III. Whether conflicts will be imputed depends on whether the lawyers are considered to be part of the same firm.
Although Opinion 87-24 recognizes the possible imputation of conflicts as well as other ethical obligations arising from the “of counsel” relationship, the opinion does not provide guidance on whether all conflicts would be imputed. Subsequent to Opinion 87-24, the ABA and several other jurisdictions have considered this issue and reasoned that the close, personal, continuous, and regular relationship, which defines a true “of counsel,” necessarily imputes conflicts:
There can be no doubt that an of counsel lawyer (or firm) is ‘associated in’ and has an ‘association with’ the firm (or firms) to which the lawyer is of counsel, for purposes of both the general imputation of disqualification pursuant to Rule 1.10…and the imputation of disqualifications resulting from former government service under Rules 1.11(a) and 1.12 (c)….
ABA Formal Op. 90-357. When an association becomes so close that the lawyers are considered to be part of the same firm, “each lawyer is vicariously bound by the obligation of loyalty owed by each lawyer with whom the lawyer is associated.” ER 1.10, Comment 2. The committee agrees that the “of counsel” relationship creates an association with another firm or lawyer that imputes conflicts of interest under ER 1.10, 1.11 and 1.12.
Recognizing that an “of counsel” relationship will impute conflicts when the relationship is close, personal, continuous, and regular, lawyers and law firms need to be attuned to the type of relationship they develop and hold out to the public.
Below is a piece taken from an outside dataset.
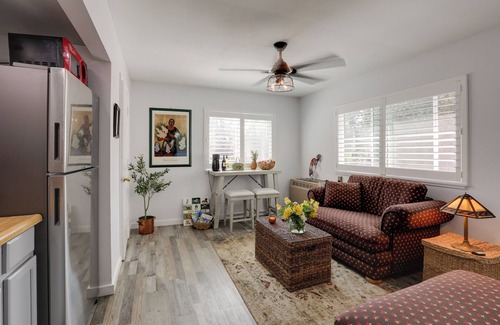 Old Southwest Apartment | < 1 Mi to Midtown: Pet-Friendly Apt in Reno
A firm may create a relationship that is infrequent or limited in time and the scope of services. Restrictions on file access or other screening may be imposed. In such cases, while the rule governing fee splitting with lawyers not in the same firm will apply, this occasional association will not generally give rise to imputed conflicts. See Arizona Op. 97-09. When the relationship becomes close, personal, continuous, and regular, the association results in the lawyers being considered part of the same firm and the imputed conflicts rules governing such associations apply. Labels, however, will not control. The same type of close, personal, continuous, and regular relationship that defines an “of counsel” relationship, regardless of what label attaches to it, will result in the associated lawyer being considered a member of a law firm for imputation of conflicts.
CONCLUSION
“Of counsel” relationships, which encompass different forms, are defined by the close, personal, continuous, and regular nature of the relationship. When a true “of counsel” relationship exists, the “of counsel” lawyer is considered a member of the same firm for purposes of fee splitting under ER 1.5(e). Arizona Op. 86-03 is therefore superseded. Given that “of counsel” lawyers are associated in the same firm, the existence of an “of counsel” or similar type of relationship will also result in the imputation of conflicts under ERs 1.10, 1.11 and 1.12.
Formal opinions of the Committee on the Rules of Professional Conduct are advisory in nature only and are not binding in any disciplinary or other legal proceedings. This opinion is based on the Ethical Rules in effect on the date the opinion was published. If the rules change, a different conclusion may be appropriate.
© State Bar of Arizona 2016
[1] This Opinion does not consider or address other ethical rules that could be implicated by the existence of an “of counsel” relationship. As recognized by ER 1.0(c) and Comment 2 to that rule, a group of lawyers could be regarded as a firm for purposes of certain rules but not others. See, e.g., ER 1.8, 1.18, 3.6, 3.7, 5.1, 5.3, 6.5 and 7.5.